E. Similarity between resources
There are cases in which developers may wish to move a resource, and, at the
same time, modify some of its properties. Indeed, this may not even be a choice.
Some CDK constructs (ec2.Vpc and ec2.VpcV2 to name a couple), add tags to
the underlying resource that are based on the construct path. Intuitively,
developers would expect that small changes like this would be taken into account
by the matching algorithm.
The current proposal, however, does not solve this problem, because it uses a digest function to compare resources. As such, given two resources, they are considered either equivalent or not, with no middle ground.
So we need a more flexible way of comparing resources. Instead of requiring them to be exactly the same, we need to know whether two resources are "similar enough". To achieve this, we need a few things:
- A distance function. To generalize the notion of strict equality to a more flexible notion of similarity, we need to come up with a distance function, that is, a function that takes two resources as input, and produces a number as output. The higher the number, the more different the resources are.
- A threshold for the distance. This is a cut-off value that we can use to decide whether two resources are similar enough to be candidates for refactoring. It will depend on the distance function we choose and also on experimentation.
- Graph isomorphism. Since we will not have a digest anymore to quickly find pairs of equivalent nodes between two resource graphs, we have to use the graph structure itself to find possible pairs (which the digest function also incorporates implicitly). Slightly more formally, we need to find an isomorphism between two (sub-)graphs: a one-to-one function that maps nodes in one graph to nodes in the other, such that the overall structure is preserved. Only pairs of nodes that are part of the isomorphism will have their distances calculated.

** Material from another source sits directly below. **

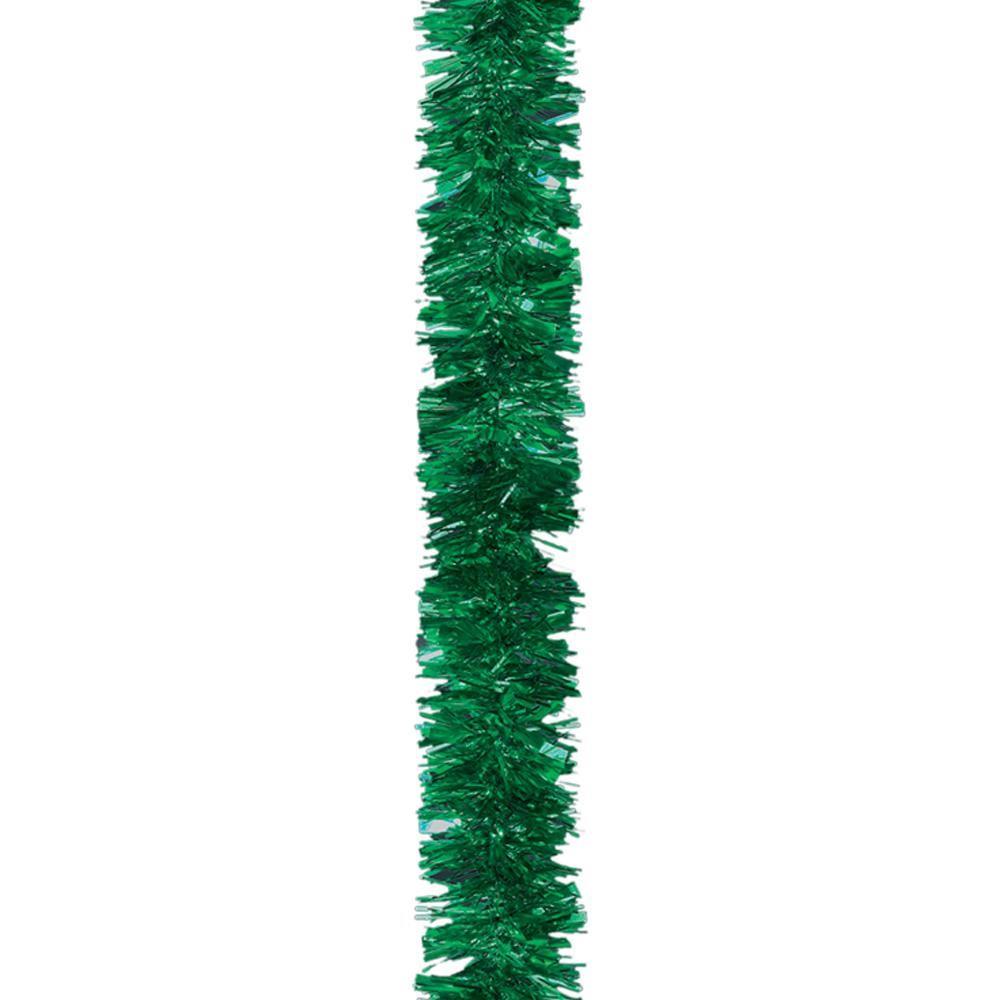 4Pcs Green Tinsel Tree Decorations - 1.8m Total Length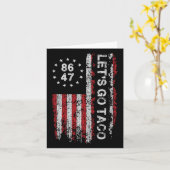 Carte Allons Taco Us Drapeau Hommes Femmes (Fleur jaune)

- Improved UX. Since we are now working with similarities, there is more room for incorrect matches. We need to provide a way for the user to choose among the potential matches, possibly in multiple passes, until the final mapping is produced.
All this takes a bit of research and prototyping. Since this would be a generalization of the current proposal, rather than a completely different solution, we don't need to implement it straight away. So we will leave it to phase 3 to do this research, and possibly implement it.